[[ Collected material, beginning ]]

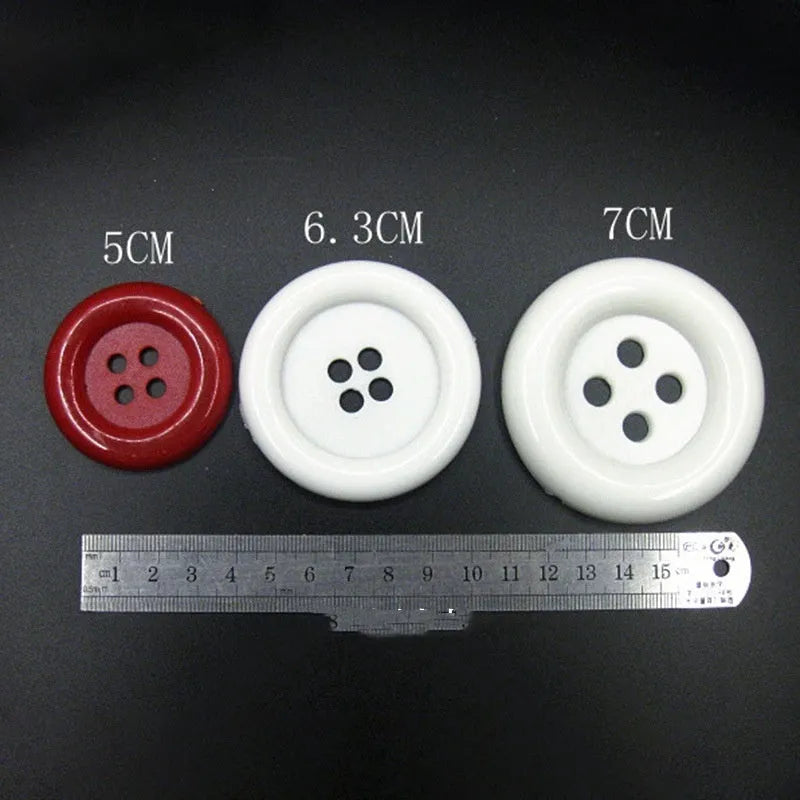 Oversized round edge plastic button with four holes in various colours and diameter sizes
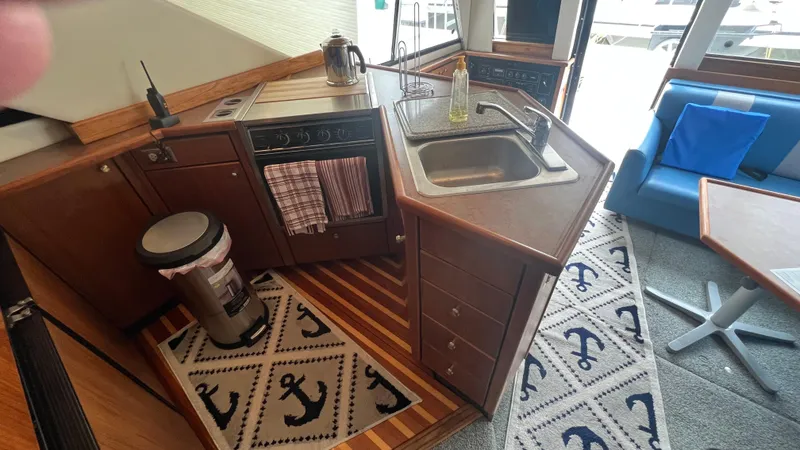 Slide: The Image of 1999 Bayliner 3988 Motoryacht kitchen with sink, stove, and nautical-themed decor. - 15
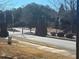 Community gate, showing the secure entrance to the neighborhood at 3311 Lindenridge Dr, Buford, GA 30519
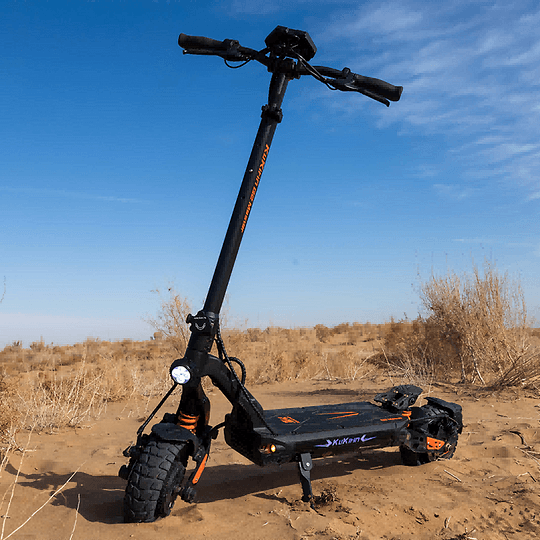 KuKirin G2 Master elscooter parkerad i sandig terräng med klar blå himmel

[[ Collected material, end ]]

• _Task statement_
Please output the material above unchanged, apart from removing the pictures.

• _Exercise solution_
 Oversized round edge plastic button with four holes in various colours and diameter sizes
 Slide: The Image of 1999 Bayliner 3988 Motoryacht kitchen with sink, stove, and nautical-themed decor. - 15
 Community gate, showing the secure entrance to the neighborhood at 3311 Lindenridge Dr, Buford, GA 30519
 KuKirin G2 Master elscooter parkerad i sandig terräng med klar blå himmel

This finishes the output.